→ THE PROBLEM: Everything from the line with "ZYL Katrina Johanna, van 1941-2013" to the final line of the entries is to be set down exactly, except the pictures.

Segment Start: GIVEN RECORDS

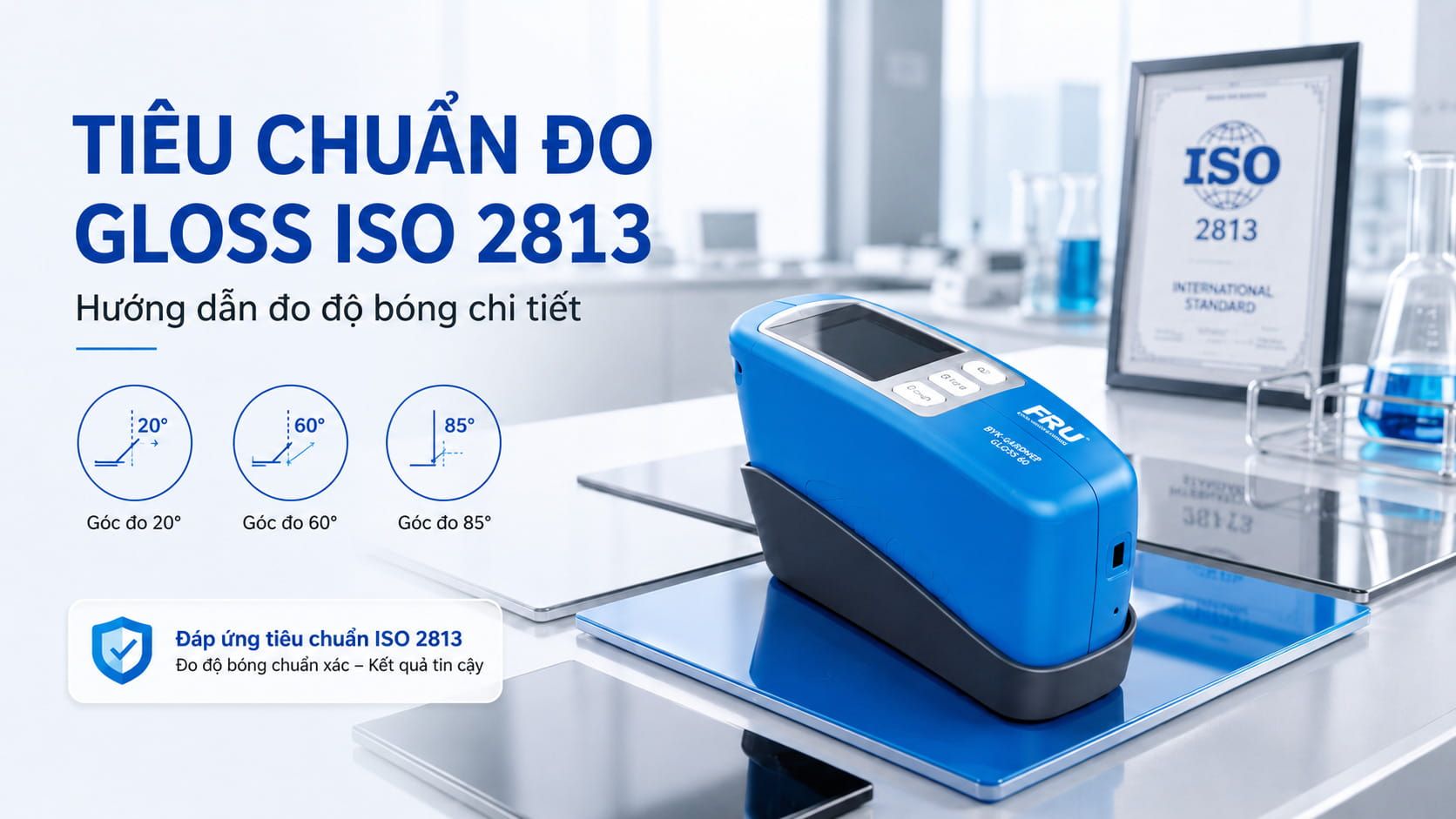 Tiêu chuẩn đo gloss ISO 2813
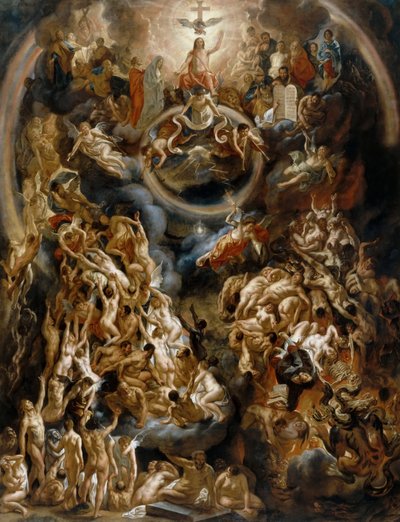 Il Giudizio Universale da Jacob Jordaens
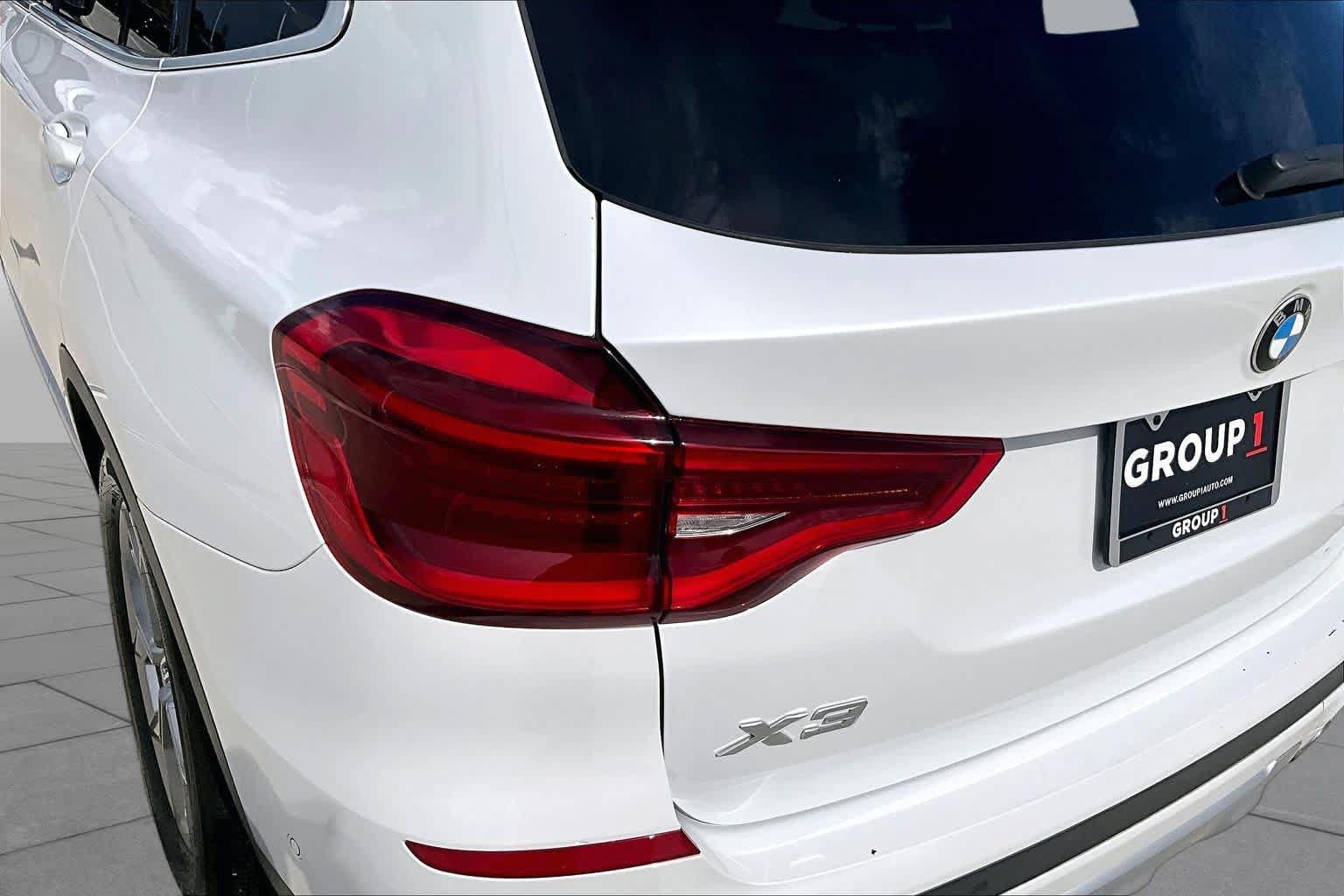 Used 2021 BMW X3 sDrive30i w/ Premium Package RWD image 27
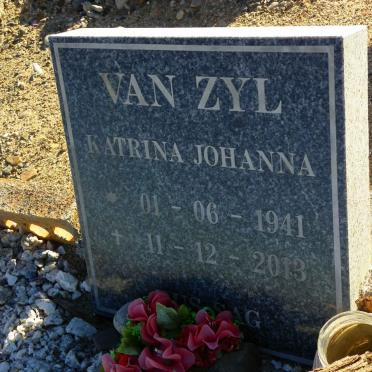 ZYL Katrina Johanna, van 1941-2013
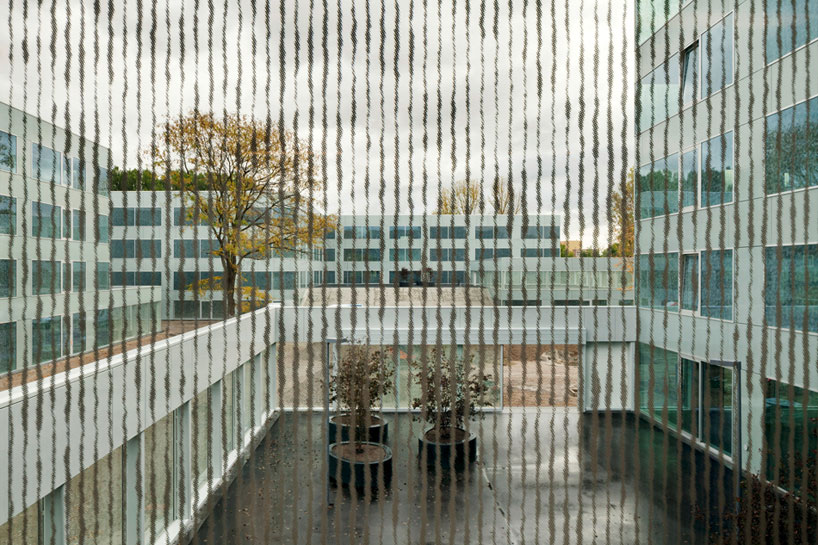 wiel arets architects campus hoogvliet designboom
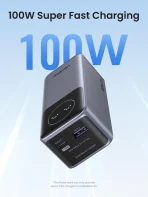 UGREEN Nexode Power Bank 12000mAh 100W with Smart Digital Display - Image 7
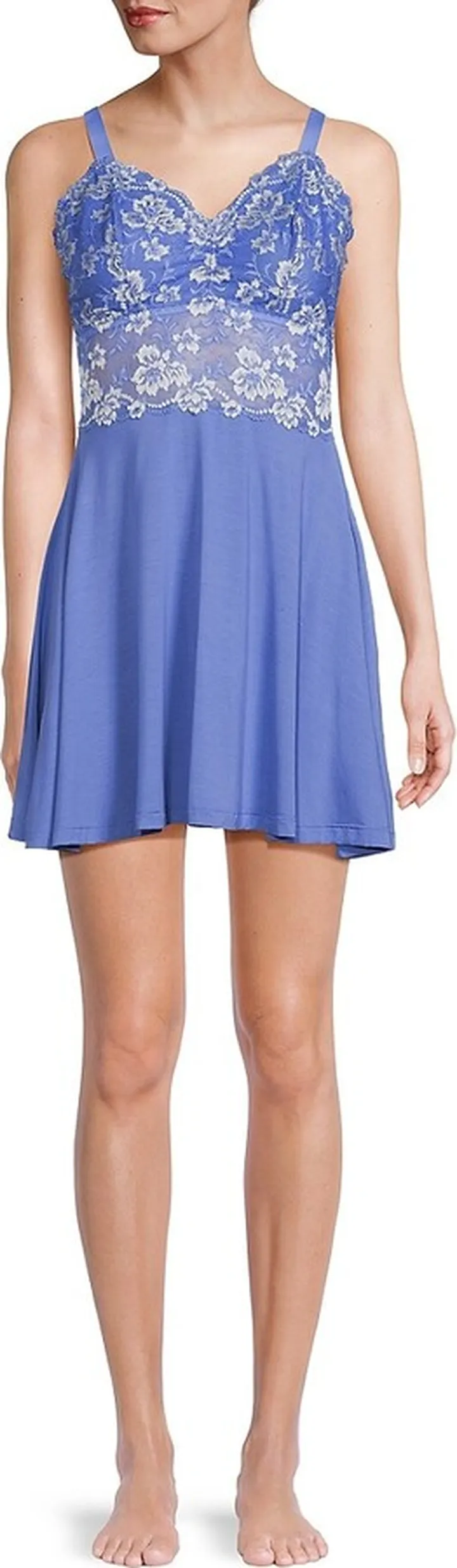 Savona Curvy Lace Chemise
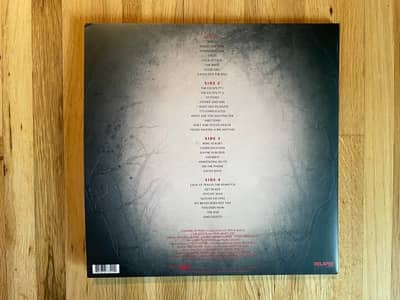 Image 3 of The Mind's Eye Original Soundtrack 2 LP  Steve Moore Synth
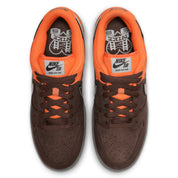 Nike SB Dunk Low Pro - Safety Orange / Baroque Brown
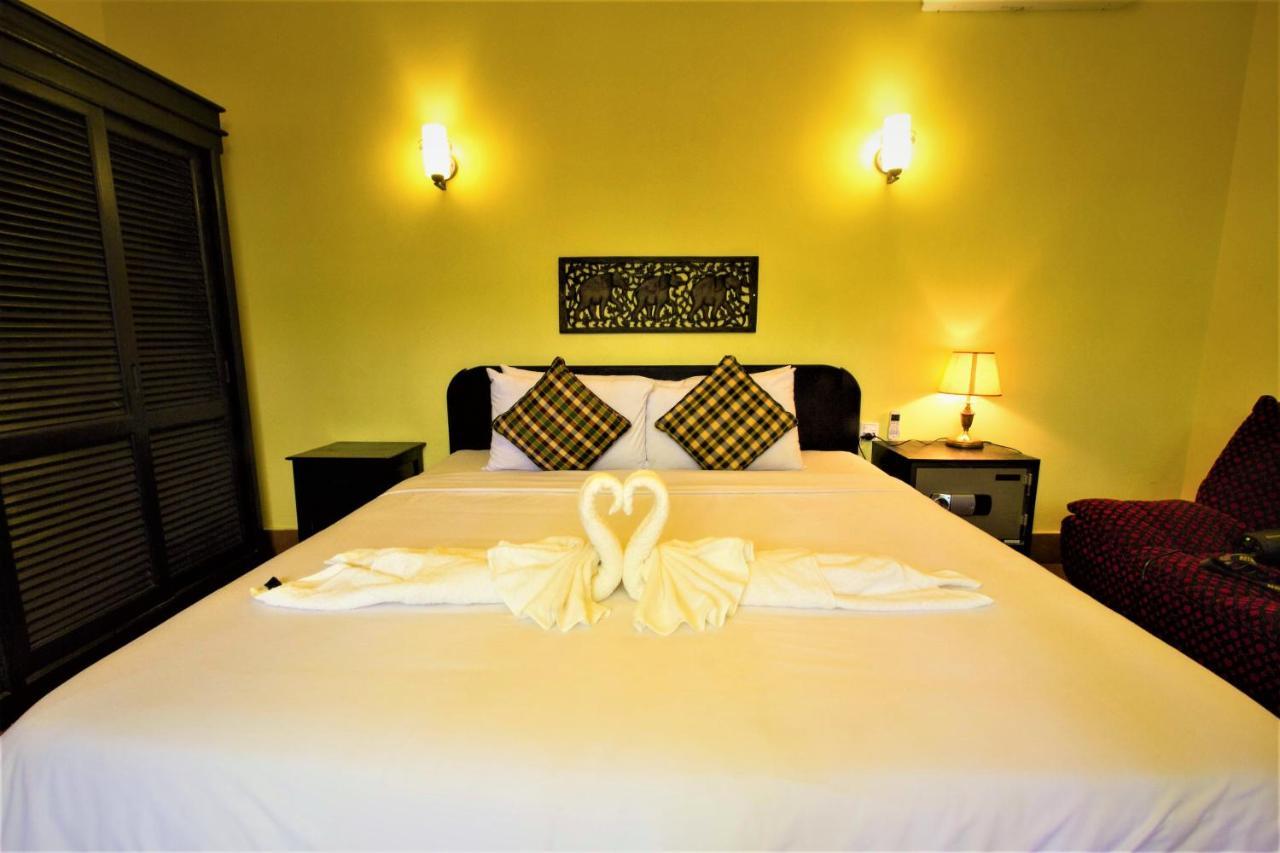 Sonalong Boutique Village & Resort Sziemreap Kültér fotó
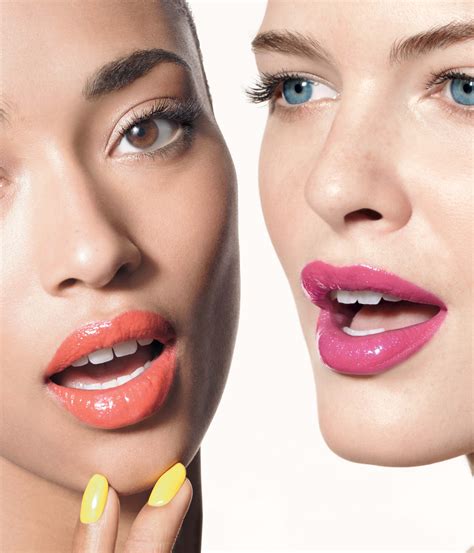 Colors Of Summer Neon Nail Polish Neon Nails Bright Lips Bold Lips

Segment End: GIVEN RECORDS

→ OUTPUT OF THE EXERCISE:
 ZYL Katrina Johanna, van 1941-2013
 wiel arets architects campus hoogvliet designboom
 UGREEN Nexode Power Bank 12000mAh 100W with Smart Digital Display - Image 7
 Savona Curvy Lace Chemise
 Image 3 of The Mind's Eye Original Soundtrack 2 LP  Steve Moore Synth
 Nike SB Dunk Low Pro - Safety Orange / Baroque Brown
 Sonalong Boutique Village & Resort Sziemreap Kültér fotó
 Colors Of Summer Neon Nail Polish Neon Nails Bright Lips Bold Lips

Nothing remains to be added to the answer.